On cooling the water it can be changed in solid state.
Let’s focus on phase changes that involve materials changing from one state of matter to another. These phase changes can be brought about by heating or cooling. The terms used to identify the various changes are shown on this diagram. If you are already familiar with this terminology feel free to move on to the next topic.
Phase changes can be brought about by heating or cooling. For example if water (a liquid) is heated enough, it evaporates and becomes water vapor or steam (a gas). This kind of phase change--liquid to gas--is called evaporation or vaporization.
Water vapor can in turn be cooled to form liquid water. This kind of phase change--from gas to liquid--is referred
to as condensation.
If you were to continue to cool down the water and change it from a liquid to a solid, you would have another kind of phase change that is called freezing or crystallization.
If you were to then take a solid and warm it up to change it into a liquid, that change is called melting. (It is also sometimes called fusion.)
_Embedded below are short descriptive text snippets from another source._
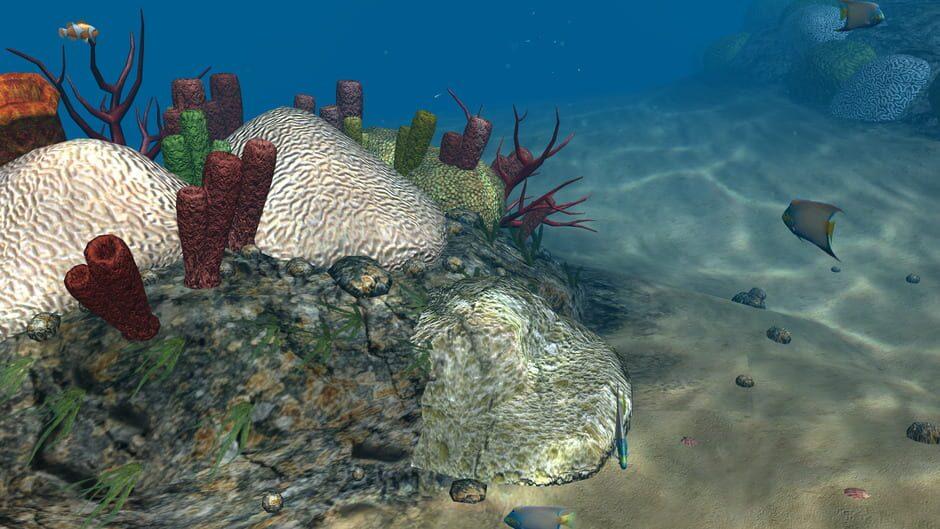 OceanDive screenshot 4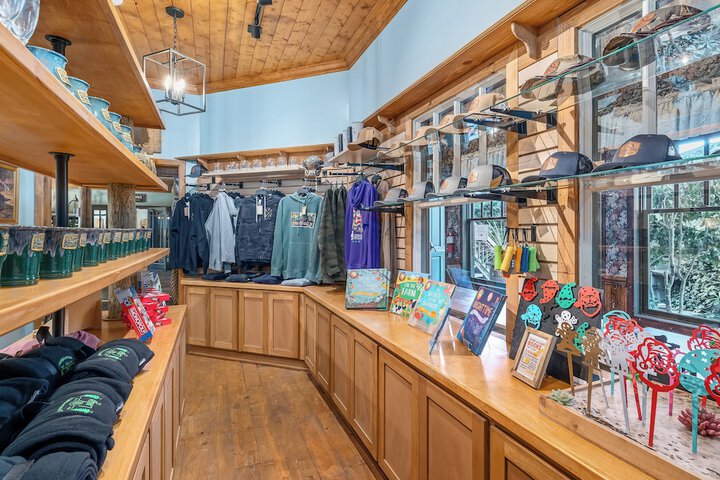 Cambria Pines Lodge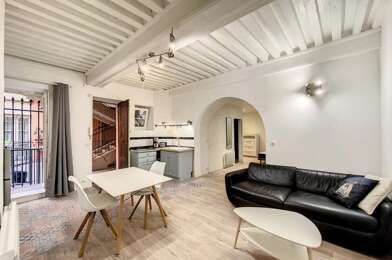 Appartement 1 pièces 859 €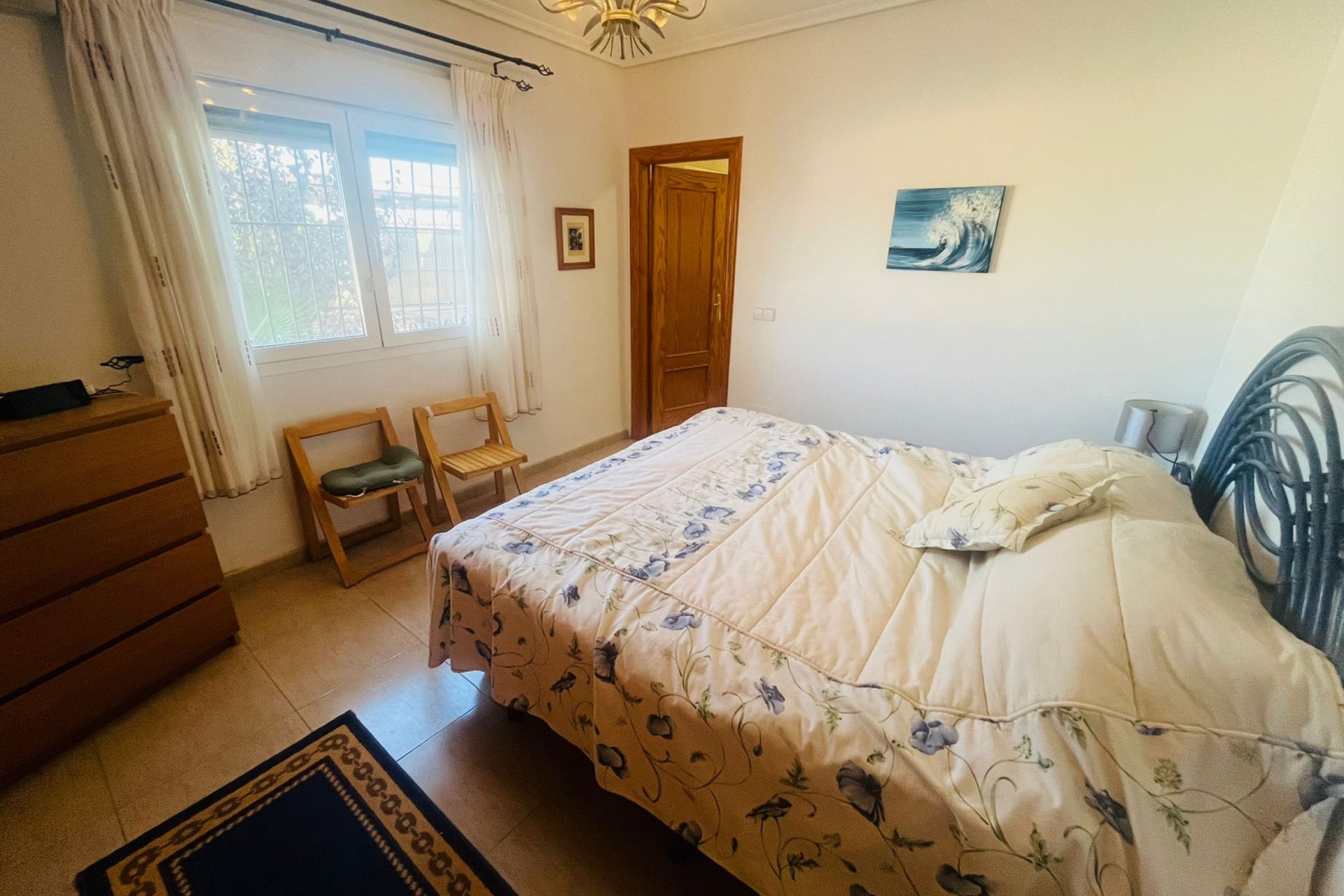 Revânzare - Vilă -
Gea Y Truyols - Inland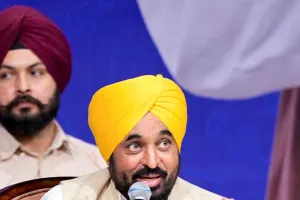ਅਸੀਂ ਪੰਜਾਬ ਨੂੰ ਦੇਸ਼ ਦਾ ਮੋਹਰੀ ਸਿੱਖਿਆ ਕੇਂਦਰ ਬਣਾਵਾਂਗੇ : ਮੁੱਖ ਮੰਤਰੀ ਭਗਵੰਤ ਸਿੰਘ ਮਾਨ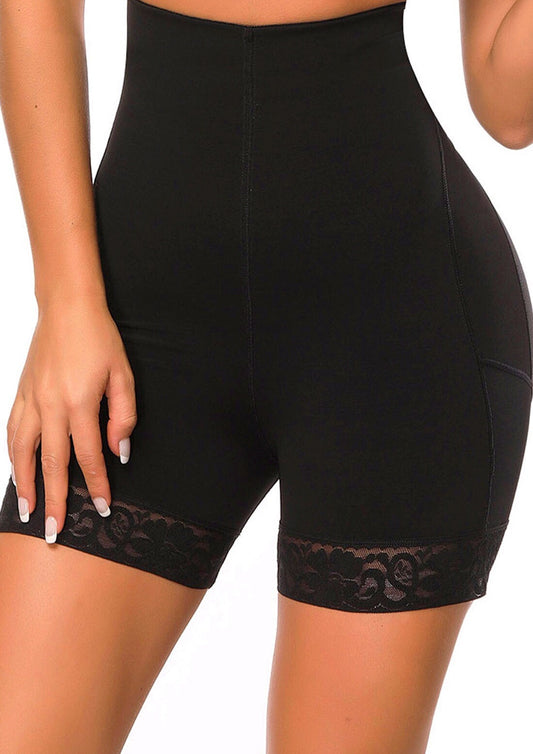 Body Shaper: Curves Provocateur in Black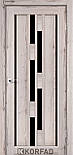 Двері міжкімнатні KORFAD "VENECIA DELUXE" VND-05, фото 9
Another change that can occur for some solids is to change directly into a gas instead of changing into a liquid, and that is called sublimation.
The reverse of this process can also occur. Some gases can be cooled down and changed directly into a solid. That process is also called crystallization, a second meaning for that word.
Multiple Phase Changes
In addition to these single phase changes, you can have a string of changes, one after another. There are three of these multiple phase changes that are very important and you should know them by name.
One is distillation, changing a liquid to a gas and back to a liquid.
The second is sublimation, which you already know means changing a solid to a gas. The term also applies to a double process in which a solid is changed to a gas and then back to a solid.
The third is recrystallization, in which a solid is changed to a liquid and then back to a solid. You will see another meaning for this term soon.